When N is increased, statistical power also increases; having a high N value will reduce the risk of the researcher committing a Type II error (Warner, 2013, p. 109). This is a logical conclusion because the greater the sample size, the more confidently a researcher can generalize. When the alpha level is made smaller, statistical power decreases; contrarily, if the alpha level is increased, statistical power also increases; the smaller the threshold to reject the null, the more credible the claims made by the researcher (Warner, 2013, p. 108).
Table 7
G*Power output values for priori power analysis
t tests - Means: Difference between two independent means (two groups)
Analysis: A priori: Compute required sample size
Input: Tail(s) = Two
Effect size d = -0.13
α err prob = 0.05
Power (1-β err prob) = 0.80
Allocation ratio N2/N1 = 1
Output: Noncentrality parameter δ = -2.8033016
Critical t = -1.9612416
Df = 1858
Sample size group 1 = 930
Sample size group 2 = 930
Total sample size = 1860
Actual power = 0.8000757
By further manipulating the effect size to 0.50, Table 8 and Table 9 show that it would be necessary to obtain equal sample sizes, N₁=64 and N₂=64. The researcher can ensure valid data is obtained in research by being aware of these principles in advance, and compensating during data collection if necessary. For example, if Cohen’s d is small, the necessary sample size to receive the desired level of statistical power (80%) can be determined prior to research; the development of tables, like Table 3.3 in Warner (2013) assist in this process (p. 112-113).
Table 8
G*Power distribution output for priori power analysis with medium effect size
Table 9
G*Power output values for priori power analysis with medium effect size
t tests - Means: Difference between two independent means (two groups)

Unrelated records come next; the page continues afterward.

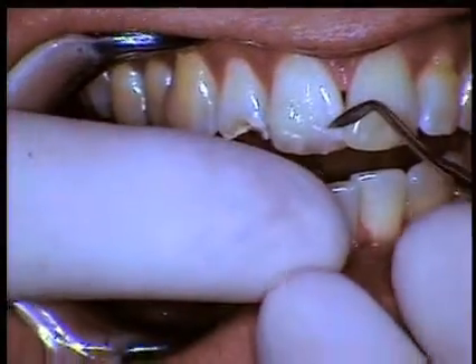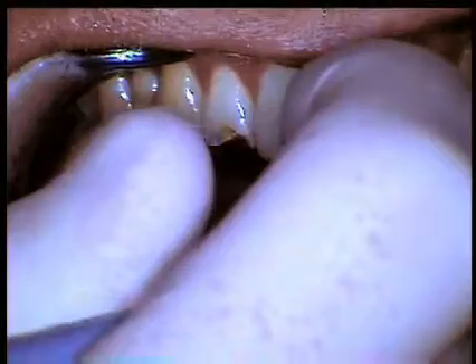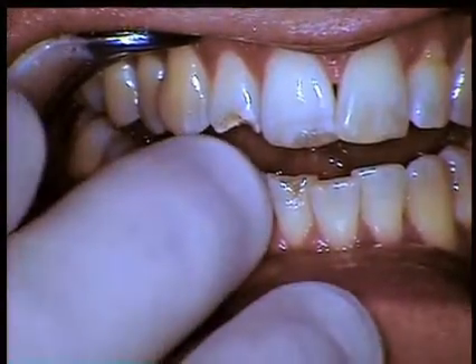Now the next step is to get this material off, lean the patient back, give anesthesia, and get started with the process. There are two ways to look at doing this.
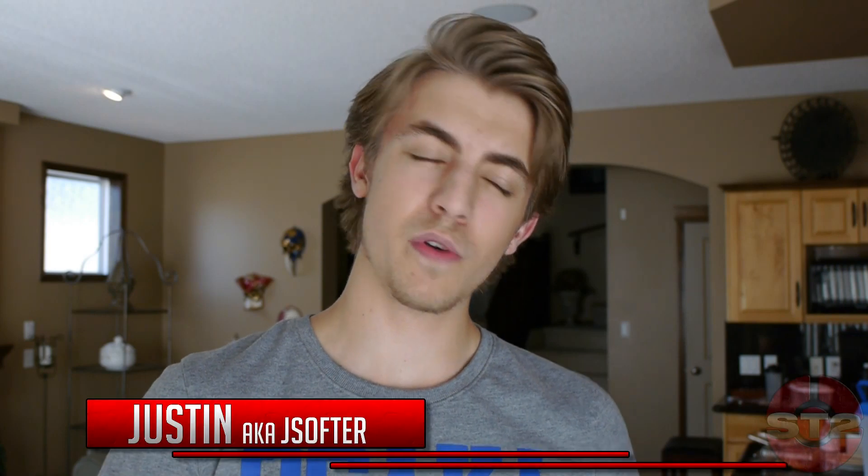What's up guys, Justin from ST2, bringing you another review, update, overview — whatever the hell you call it, I'm bringing you another video.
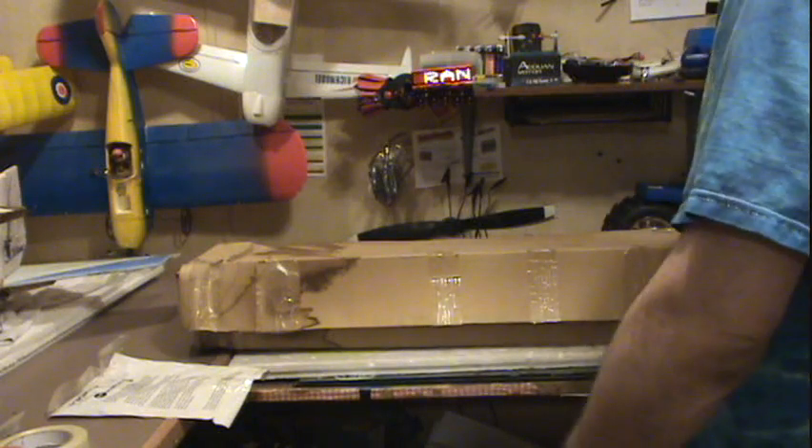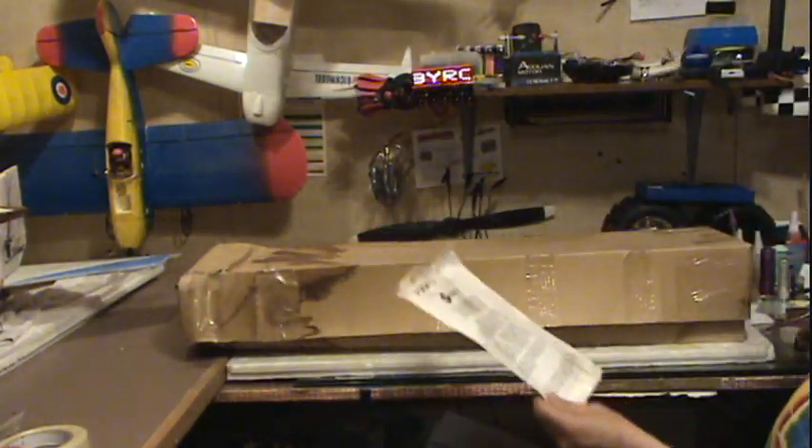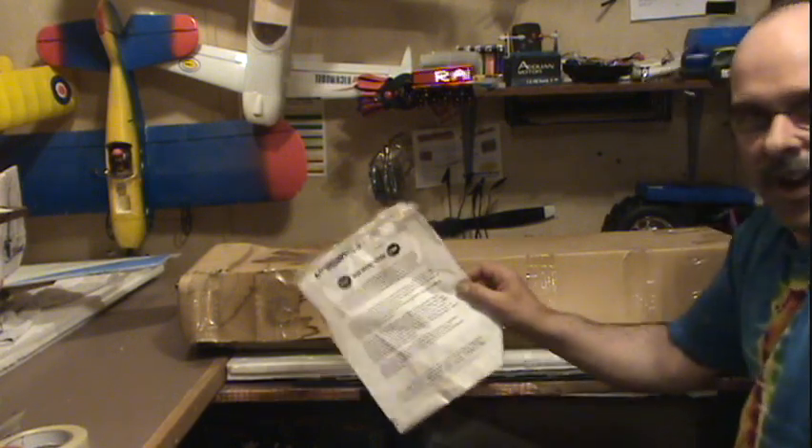Welcome to Randy's Hobby Room. A friend found this box in his basement with some water damage and a note from Dragonfly.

Analysis: A priori: Compute required sample size
Input: Tail(s) = Two
Effect size d = 0.50
α err prob = 0.05
Power (1-β err prob) = 0.80
Allocation ratio N2/N1 = 1
Output: Noncentrality parameter δ = 2.8284271
Critical t = 1.9789706
Df = 126
Sample size group 1 = 64
Sample size group 2 = 64
Total sample size = 128
Actual power = 0.8014596
Conclusion
In conducting psychological research, it is imperative that the data collected be, not only error-free, but statistically significant; the data analysis should also provide sound insight that will answer the research question. Setting alpha levels, threshold values and gauging statistical power are all avenues of rationalizing findings and providing accountability through concrete and standardized values. Conducting priori power analysis can ensure that ample data is collected, that alpha levels are reasonable for the sample size and that the effect size correctly measures the significance of the variance.
References
Field, A. (2013). Discovering statistics using IBM SPSS statistics (4th ed.). Thousand Oaks, CA:
SAGE Publications, Inc.
George, D. & Mallery, P. (2014). IBM statistics 21 step by step: A simple guide and reference
(13th ed.). Boston, MA: Pearson.
Warner, R. M. (2013). Applied statistics: From bivariate through multivariate techniques (2nd
ed.). Los Angeles, CA: SAGE Publications, Inc.